Welche konkrete Hilfe bietet Anonym Glécksspiller a.s.b.l. an?

Das Angebot besteht zunächst einmal darin, überhaupt Kontakt zu uns aufzunehmen und über das Problem zu sprechen. Wir sind jetzt über Telefon und per E-Mail erreichbar, aber wir machen, wo immer es geht, auch persönliche Gesprächstermine, weil übers Telefon keine wirkliche persönliche Beratung stattfinden kann.

Wie viele Betroffene haben sich bei Ihnen gemeldet, seit es die asbl gibt? Und wie vielen haben Sie konkret helfen können?

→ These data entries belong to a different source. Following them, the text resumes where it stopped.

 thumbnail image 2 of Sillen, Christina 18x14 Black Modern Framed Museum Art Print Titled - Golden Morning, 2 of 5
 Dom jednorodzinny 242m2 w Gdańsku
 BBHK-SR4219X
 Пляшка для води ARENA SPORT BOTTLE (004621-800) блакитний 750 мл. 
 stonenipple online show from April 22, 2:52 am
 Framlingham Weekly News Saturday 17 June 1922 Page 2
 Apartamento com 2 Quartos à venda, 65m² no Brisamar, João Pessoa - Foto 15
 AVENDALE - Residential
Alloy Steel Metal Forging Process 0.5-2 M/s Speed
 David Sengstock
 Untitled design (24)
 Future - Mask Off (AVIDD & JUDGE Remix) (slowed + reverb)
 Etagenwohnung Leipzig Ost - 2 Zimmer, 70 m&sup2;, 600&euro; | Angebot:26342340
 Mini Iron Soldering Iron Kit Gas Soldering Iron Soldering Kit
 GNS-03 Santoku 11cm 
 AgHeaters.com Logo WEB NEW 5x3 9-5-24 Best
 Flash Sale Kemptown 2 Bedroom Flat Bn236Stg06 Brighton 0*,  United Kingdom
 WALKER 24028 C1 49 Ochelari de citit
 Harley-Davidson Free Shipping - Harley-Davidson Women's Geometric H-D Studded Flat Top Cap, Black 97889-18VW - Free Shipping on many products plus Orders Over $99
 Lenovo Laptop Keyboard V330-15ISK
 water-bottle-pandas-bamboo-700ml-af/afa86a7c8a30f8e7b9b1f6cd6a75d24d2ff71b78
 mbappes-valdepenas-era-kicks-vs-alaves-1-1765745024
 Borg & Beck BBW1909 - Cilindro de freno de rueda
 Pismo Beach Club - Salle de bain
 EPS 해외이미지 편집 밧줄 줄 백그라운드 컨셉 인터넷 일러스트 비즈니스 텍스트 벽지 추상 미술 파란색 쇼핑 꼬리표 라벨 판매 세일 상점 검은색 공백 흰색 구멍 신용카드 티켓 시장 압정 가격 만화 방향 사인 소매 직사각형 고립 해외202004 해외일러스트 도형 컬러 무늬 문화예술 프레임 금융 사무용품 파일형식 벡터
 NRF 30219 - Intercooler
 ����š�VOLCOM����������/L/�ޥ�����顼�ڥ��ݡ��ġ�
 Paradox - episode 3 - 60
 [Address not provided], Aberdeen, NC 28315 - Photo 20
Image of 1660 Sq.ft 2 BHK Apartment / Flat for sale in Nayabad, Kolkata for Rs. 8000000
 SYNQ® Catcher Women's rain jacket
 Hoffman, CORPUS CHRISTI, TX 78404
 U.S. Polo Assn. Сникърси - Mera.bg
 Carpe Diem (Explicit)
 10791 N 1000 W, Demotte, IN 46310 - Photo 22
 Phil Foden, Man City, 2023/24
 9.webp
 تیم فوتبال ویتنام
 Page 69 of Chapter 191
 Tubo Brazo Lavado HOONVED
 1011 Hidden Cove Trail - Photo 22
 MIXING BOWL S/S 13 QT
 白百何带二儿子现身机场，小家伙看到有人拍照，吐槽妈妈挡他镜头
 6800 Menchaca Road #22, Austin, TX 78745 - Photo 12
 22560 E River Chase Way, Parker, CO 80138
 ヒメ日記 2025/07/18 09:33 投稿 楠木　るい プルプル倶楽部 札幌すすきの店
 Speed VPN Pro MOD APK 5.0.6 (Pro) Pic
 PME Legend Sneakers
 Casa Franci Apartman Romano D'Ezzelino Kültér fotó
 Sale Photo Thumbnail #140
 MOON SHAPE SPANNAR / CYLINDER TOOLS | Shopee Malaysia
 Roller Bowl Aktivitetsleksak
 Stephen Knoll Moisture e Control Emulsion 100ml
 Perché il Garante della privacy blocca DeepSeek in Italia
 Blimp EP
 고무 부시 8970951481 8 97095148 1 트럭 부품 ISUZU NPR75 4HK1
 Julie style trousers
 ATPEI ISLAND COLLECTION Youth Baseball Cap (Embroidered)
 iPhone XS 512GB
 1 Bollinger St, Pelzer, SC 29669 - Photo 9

In der kurzen Zeit ist es schwer, eine repräsentative Zahl zu nennen. Wenn wir die Meldungen über Telefon und Internet hinzunehmen, haben sich seit Mai 2010 bei mir 50, 60 Betroffene und Angehörige gemeldet. Ich kann nicht sagen, wie viele es bei dem Präsidenten Romain Juncker, der das Nottelefon verwaltet, waren. In manchen Wochen bekommt er allerdings 20-25 Anrufe. Was die Erfolgsquote betrifft, so weiß ich von zehn bis zwölf Leuten, die mit dem Spielen aufgehört haben, seit sie mit uns in Kontakt getreten sind.

 

Anonym Glécksspiller a.s.b.l.
Die Luxemburger Vereinigung Anonym Glécksspiller a.s.b.l. wurde im Juni 2003 gegründet, mit dem Ziel, jegliche Maßnahmen zu fördern, mit denen sich Spielsucht verhindern lässt, und die Betroffenen und deren Familienangehörigen durch individuelle Betreuung und Hilfestellung zu unterstützen. Sie bietet spielsüchtigen Menschen die Teilnahme an einer Selbsthilfegruppe an und steht für Beratungssitzungen zur Verfügung. Ziel der Vereinigung ist die Aufklärung und Prävention von Betroffenen und deren Familien.